To perform the in-place OS upgrade from RHEL 7 to 8 the DR/Vertica was uninstalled and then re-installed. As the backup from node 3 was lost while upgrading the OS, copied node 4 backup and restore it.
Since then node 3 is down.
/opt/vertica/bin/admintools -t list_allnodes
Node | Host | State | Version | DB
-------------------+----------------+-------+-------------------+--------
v_drdata_node0001 | ###.###.###.15 | UP | vertica-10.1.1.20 | drdata
v_drdata_node0002 | ###.###.###.16 | UP | vertica-10.1.1.20 | drdata
v_drdata_node0003 | ###.###.###.17 | DOWN | vertica-10.1.1.20 | drdata
v_drdata_node0004 | ###.###.###.18 | UP | vertica-10.1.1.20 | drdata
v_drdata_node0005 | ###.###.###.19 | UP | vertica-10.1.1.20 | drdata
To resolve this issue node 3 must be rebuilt without restoring any data. But while rebuilding node 3 the Vertica db was shut down mistakenly. Unable to start the Vertica db.

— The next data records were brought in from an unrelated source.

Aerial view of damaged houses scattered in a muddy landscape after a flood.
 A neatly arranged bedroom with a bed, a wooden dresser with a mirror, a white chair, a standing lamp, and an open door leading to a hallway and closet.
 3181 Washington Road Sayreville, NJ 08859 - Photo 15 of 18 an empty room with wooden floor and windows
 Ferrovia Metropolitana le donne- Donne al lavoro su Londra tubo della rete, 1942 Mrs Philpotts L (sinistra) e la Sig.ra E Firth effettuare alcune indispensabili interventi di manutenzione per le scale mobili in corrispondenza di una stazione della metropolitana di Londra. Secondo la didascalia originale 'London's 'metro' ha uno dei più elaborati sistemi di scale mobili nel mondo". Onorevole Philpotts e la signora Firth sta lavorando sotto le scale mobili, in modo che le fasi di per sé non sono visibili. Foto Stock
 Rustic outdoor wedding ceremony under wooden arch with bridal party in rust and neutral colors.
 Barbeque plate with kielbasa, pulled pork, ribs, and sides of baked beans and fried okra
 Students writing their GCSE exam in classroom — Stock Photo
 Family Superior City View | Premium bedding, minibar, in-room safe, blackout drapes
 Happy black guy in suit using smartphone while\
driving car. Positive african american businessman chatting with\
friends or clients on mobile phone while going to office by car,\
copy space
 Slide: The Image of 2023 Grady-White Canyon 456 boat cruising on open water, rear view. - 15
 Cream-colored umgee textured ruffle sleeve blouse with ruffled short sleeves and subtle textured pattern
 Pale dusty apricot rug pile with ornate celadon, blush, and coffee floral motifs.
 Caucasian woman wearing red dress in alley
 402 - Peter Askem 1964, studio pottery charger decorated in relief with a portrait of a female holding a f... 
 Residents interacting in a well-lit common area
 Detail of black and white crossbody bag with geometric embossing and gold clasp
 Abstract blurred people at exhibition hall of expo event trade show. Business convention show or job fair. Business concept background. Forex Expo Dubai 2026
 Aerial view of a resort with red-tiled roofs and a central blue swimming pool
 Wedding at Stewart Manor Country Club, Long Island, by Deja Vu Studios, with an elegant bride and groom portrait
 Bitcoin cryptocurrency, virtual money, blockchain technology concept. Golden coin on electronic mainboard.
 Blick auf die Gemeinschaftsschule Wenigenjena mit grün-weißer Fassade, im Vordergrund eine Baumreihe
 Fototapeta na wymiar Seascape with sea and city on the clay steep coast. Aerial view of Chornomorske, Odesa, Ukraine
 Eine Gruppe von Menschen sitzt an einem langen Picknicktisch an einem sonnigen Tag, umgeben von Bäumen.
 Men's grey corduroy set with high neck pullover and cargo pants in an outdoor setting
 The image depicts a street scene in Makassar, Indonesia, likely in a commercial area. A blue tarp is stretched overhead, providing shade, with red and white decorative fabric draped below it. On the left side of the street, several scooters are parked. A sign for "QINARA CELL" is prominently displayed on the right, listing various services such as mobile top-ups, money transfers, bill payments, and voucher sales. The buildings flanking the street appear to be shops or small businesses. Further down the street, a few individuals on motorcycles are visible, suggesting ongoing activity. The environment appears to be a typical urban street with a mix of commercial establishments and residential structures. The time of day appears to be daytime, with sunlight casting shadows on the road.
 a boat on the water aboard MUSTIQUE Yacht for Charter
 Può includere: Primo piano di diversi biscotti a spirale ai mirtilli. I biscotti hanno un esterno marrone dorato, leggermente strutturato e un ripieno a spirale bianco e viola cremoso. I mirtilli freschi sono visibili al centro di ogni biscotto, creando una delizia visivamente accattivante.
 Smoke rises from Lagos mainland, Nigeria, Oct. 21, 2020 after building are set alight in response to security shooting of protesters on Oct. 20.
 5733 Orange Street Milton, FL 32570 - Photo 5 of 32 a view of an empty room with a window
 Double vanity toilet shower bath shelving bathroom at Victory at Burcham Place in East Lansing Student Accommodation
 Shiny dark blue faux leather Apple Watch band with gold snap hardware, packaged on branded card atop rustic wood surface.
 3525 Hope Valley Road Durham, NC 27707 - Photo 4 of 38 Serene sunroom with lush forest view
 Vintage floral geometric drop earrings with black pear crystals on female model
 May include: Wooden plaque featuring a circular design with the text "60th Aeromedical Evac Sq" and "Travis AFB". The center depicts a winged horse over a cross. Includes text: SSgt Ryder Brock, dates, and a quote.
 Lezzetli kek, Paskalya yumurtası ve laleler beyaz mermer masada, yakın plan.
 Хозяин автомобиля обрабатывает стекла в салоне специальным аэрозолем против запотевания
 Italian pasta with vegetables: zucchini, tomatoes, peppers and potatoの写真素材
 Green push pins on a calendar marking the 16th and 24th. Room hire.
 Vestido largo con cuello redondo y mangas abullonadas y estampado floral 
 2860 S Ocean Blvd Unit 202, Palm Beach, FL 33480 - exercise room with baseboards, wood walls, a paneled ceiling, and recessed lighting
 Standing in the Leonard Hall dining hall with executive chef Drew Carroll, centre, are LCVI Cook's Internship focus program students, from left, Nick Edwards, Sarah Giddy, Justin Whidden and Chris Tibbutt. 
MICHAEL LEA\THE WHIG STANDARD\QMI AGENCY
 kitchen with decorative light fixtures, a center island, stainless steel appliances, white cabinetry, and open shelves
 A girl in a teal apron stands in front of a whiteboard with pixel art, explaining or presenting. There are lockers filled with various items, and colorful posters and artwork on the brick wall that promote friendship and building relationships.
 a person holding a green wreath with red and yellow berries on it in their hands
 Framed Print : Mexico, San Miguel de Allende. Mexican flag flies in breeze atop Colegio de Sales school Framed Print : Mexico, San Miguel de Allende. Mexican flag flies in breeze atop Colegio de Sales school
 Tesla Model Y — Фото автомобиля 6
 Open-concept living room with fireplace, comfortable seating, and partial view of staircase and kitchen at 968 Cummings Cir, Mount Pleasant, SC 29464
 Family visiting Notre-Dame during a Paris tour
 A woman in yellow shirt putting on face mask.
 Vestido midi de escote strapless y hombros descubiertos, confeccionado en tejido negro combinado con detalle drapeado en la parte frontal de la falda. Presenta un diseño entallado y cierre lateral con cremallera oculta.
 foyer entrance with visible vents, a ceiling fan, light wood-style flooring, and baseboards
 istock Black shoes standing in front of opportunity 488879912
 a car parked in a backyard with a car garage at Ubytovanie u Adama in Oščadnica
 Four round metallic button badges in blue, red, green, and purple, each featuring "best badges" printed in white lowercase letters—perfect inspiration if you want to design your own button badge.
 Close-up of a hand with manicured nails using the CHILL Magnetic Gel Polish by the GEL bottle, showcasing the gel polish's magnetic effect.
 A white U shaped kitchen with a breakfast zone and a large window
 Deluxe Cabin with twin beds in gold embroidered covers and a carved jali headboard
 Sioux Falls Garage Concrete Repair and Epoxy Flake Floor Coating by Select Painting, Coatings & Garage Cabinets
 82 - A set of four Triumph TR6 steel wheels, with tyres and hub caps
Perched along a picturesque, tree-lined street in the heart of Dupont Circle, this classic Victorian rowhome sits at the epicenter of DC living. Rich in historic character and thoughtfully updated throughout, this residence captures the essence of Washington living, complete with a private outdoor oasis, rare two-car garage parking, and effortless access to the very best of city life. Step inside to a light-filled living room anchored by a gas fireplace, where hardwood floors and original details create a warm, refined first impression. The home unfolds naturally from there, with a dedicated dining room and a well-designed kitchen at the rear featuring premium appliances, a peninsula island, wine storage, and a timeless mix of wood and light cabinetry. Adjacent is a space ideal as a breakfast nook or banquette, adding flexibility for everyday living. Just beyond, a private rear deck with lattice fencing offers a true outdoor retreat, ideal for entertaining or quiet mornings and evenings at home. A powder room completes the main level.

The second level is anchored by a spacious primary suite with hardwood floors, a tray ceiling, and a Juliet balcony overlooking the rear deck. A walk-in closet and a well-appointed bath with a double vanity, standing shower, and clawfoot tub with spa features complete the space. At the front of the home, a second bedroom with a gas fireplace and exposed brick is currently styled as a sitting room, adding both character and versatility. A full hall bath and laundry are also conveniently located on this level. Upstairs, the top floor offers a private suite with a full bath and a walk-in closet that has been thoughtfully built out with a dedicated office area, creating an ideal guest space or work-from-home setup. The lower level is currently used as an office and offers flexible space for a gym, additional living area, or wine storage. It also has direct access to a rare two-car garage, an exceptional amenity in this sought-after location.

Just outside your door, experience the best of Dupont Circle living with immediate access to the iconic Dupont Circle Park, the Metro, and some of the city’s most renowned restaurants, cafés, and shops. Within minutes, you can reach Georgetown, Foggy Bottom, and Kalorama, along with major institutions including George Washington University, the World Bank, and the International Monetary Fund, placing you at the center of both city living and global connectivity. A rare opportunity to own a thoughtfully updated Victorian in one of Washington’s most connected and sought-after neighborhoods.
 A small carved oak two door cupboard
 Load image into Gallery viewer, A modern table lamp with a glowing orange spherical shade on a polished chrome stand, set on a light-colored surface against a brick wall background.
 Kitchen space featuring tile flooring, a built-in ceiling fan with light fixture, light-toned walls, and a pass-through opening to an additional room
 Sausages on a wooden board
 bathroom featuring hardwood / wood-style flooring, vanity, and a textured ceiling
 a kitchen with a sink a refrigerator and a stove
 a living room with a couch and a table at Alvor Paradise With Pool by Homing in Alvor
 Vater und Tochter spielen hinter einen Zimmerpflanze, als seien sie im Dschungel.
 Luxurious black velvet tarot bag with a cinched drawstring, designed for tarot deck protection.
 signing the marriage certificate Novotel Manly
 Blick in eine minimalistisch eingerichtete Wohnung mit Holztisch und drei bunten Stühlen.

The following error occurs when trying to start the Vertica db:
/opt/vertica/bin/admintools -t start_db -d drdata -F
Error: Vertica versions do not match on all database hosts. Startup cannot continue.
Database drdata did not start successfully: Version mismatch
/opt/vertica/bin/admintools -t list_allnodes
Node | Host | State | Version | DB
-------------------+----------------+-------+-------------------+--------
v_drdata_node0001 | ###.###.###.15 | DOWN | vertica-10.1.1.20 | drdata
v_drdata_node0002 | ###.###.###.16 | DOWN | vertica-10.1.1.20 | drdata
v_drdata_node0003 | ###.###.###.17 | DOWN | unavailable | drdata
v_drdata_node0004 | ###.###.###.18 | DOWN | vertica-10.1.1.20 | drdata
v_drdata_node0005 | ###.###.###.19 | DOWN | vertica-10.1.1.20 | drdata
Performance Management 23.3.1 / or any version
As node 3 is unavailable, hence you cannot start the Vertica from the front end. You have to start from the back end.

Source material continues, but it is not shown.